The woman responds, “My family.”
The man responds, “Trick question. You’d never ask a guy that.”
Before you can read Facebook COO Sheryl Sandberg’s “Lean In,” you need to accept a cold hard truth—until men grow a uterus, there’s no such thing as being equal. You can look at that two ways—it’s unfair because women are expected to do more, or awesome in that women can do everything a guy can (except pee gracefully while standing) and more.
Sandberg addresses the question above—that men don’t face the same expectations women do—and more in her bestselling manifesto on women, work, family and balance.
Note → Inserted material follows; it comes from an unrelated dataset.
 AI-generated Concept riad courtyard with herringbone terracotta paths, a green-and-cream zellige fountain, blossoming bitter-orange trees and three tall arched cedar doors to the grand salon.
But if you commit to reading it, you should know that this book is directed solely at those women with the drive, the means and the good fortune to truly lean in.
And that’s my only problem with the book—Sandberg devotes a fair amount of real estate on the page to making sure you understand that SHE understands if you’re a single mom, married to someone who is a low wage earner, a stay-at-home mom by choice, the mother of a child with special needs, caring for ill family members or just plain otherwise engaged anywhere else besides the office, then her opinion is not directed at you. That’s too bad, because she makes a lot of valid points. Which is why I think all girls should read this while they’re still in high school and for at least some of them, still thinking about the larger choices of life.
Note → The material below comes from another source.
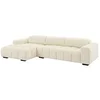 Image de Canapé d'angle gauche en tissu texturé beige LOPONZA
My guess is a lot of people are coming to this book with an agenda—either to rally ’round the feminist cause, professional career women, or rally ’round the feminist cause, women who choose to make raising their children their primary role. There are people who just want to hate on her, and those who want to praise her.
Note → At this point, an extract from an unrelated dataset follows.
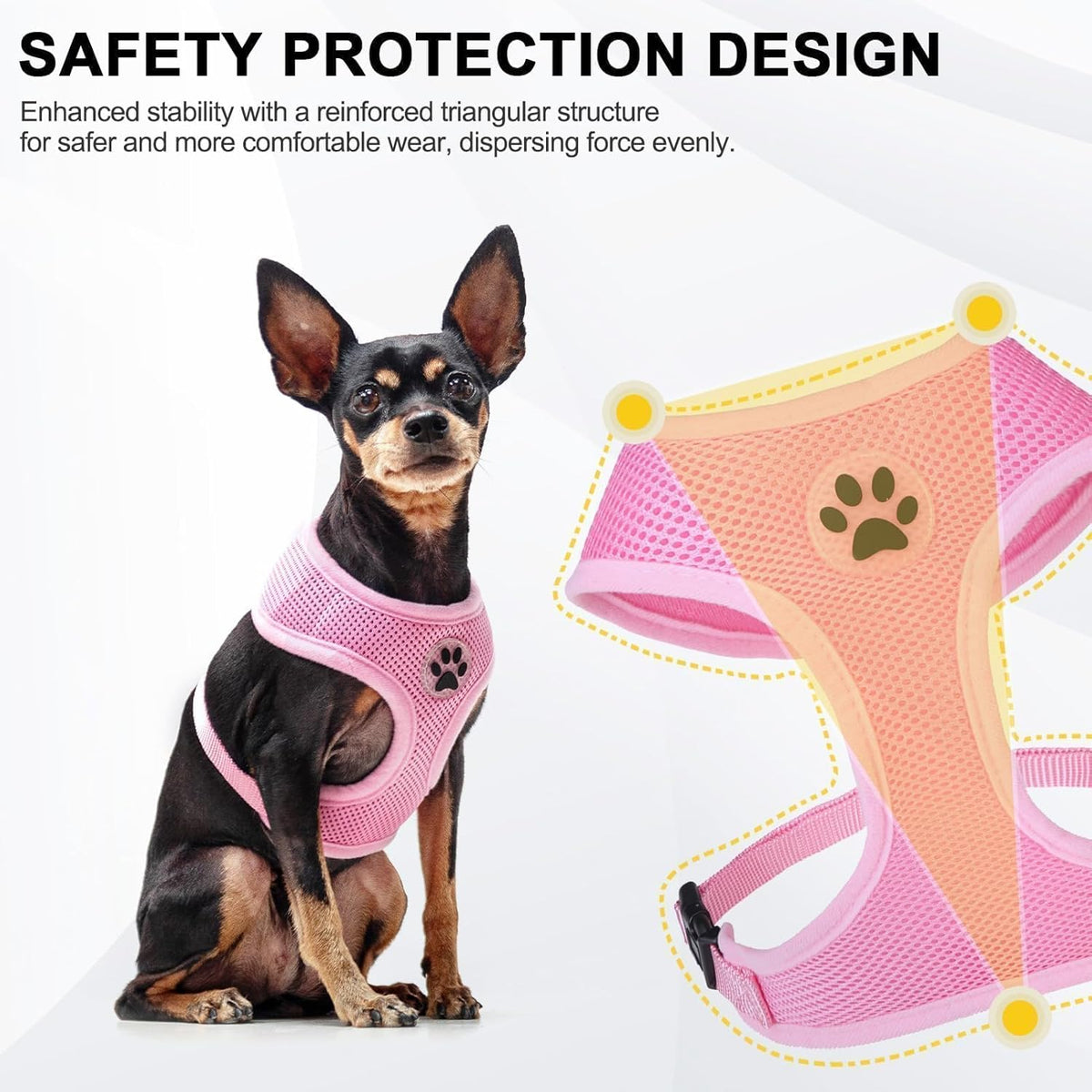 BINGPET Small Dog Harness - Breathable Mesh Puppy Cat Harnesses - No Pull Adjustable Dog Harness Dog Vest Harness for Small and Medium Dogs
“Lean In” is definitely going to appeal more to career women over those who have chosen—or need to—stay home. And as mentioned above, Sandberg makes that clear. But if that’s you, then listen up. Because girl is on a roll. And there were several Yoda-like lessons I think all girls should learn, regardless of where you sit at the “Stay at home” vs. “Go to office” table.
Your career is not a ladder: The concept of a jungle gym, rather than a ladder, opens the door for everyone—men and women—to think more creatively about their careers. Just because you off-ramp on one rung doesn’t mean you climb back on at the same spot. Or that a career with more flexibility isn’t an option. The book offers several great examples and had me thinking that just because I haven’t learned a specific skill doesn’t mean I can’t or won’t. Opportunity is half the battle in learning something new. Men rarely turn those chances down. Women do, a lot.
Don’t leave before you leave. I leaned back—way back—after having kids. And sometimes I wonder if I leaned back even earlier. I wanted kids. My husband did too. We tried for a while to have them. So for me, to not act aggressively toward furthering my career was just fine, because it was one less stressor when it came to making the decision to take a few years off after the birth of my third child. And this is where maybe, just maybe, I made a mistake. NOT in taking a break. I have no regrets there, and am totally OK with continuing to lean back as my kids get older. They need me now more than ever. It’s just that Sandberg very aptly points out that for a lot of women, on-ramping is a lot harder when you don’t absolutely love the job you left. If you hesitate to follow a professional passion, you can find yourself further behind in your career goals when you do return to work and less interested in staying.
Ignore the myth of having it all. Kids, no kids, career, husband, boyfriend, hobby—Sandberg would tell you that “having is all” is the worst. Maybe what you need to do is redefine what your “all” is, and instead, “aim for sustainable and fulfilling.” You can’t be all things to all people all the time, so why beat yourself up for it?
Again, and I can’t stress this enough—if you beat the drum the loudest for women who think we should all make our first and only priority our kids, then this isn’t the book for you. Respect that and move on. If you don’t have a partner, or even one that will make dinner occasionally, you should also avoid it. It isn’t that the advice isn’t valid, you’ll just be pissed you can’t apply it effectively. And I’ll be the first the say that even though Sandberg points out a lot of societal paradigms that make it extra hard for women to straddle both motherhood and a career, there isn’t too much time spent on how we can educate the next generation to think differently. But it’s food for thought—for you and for your daughter.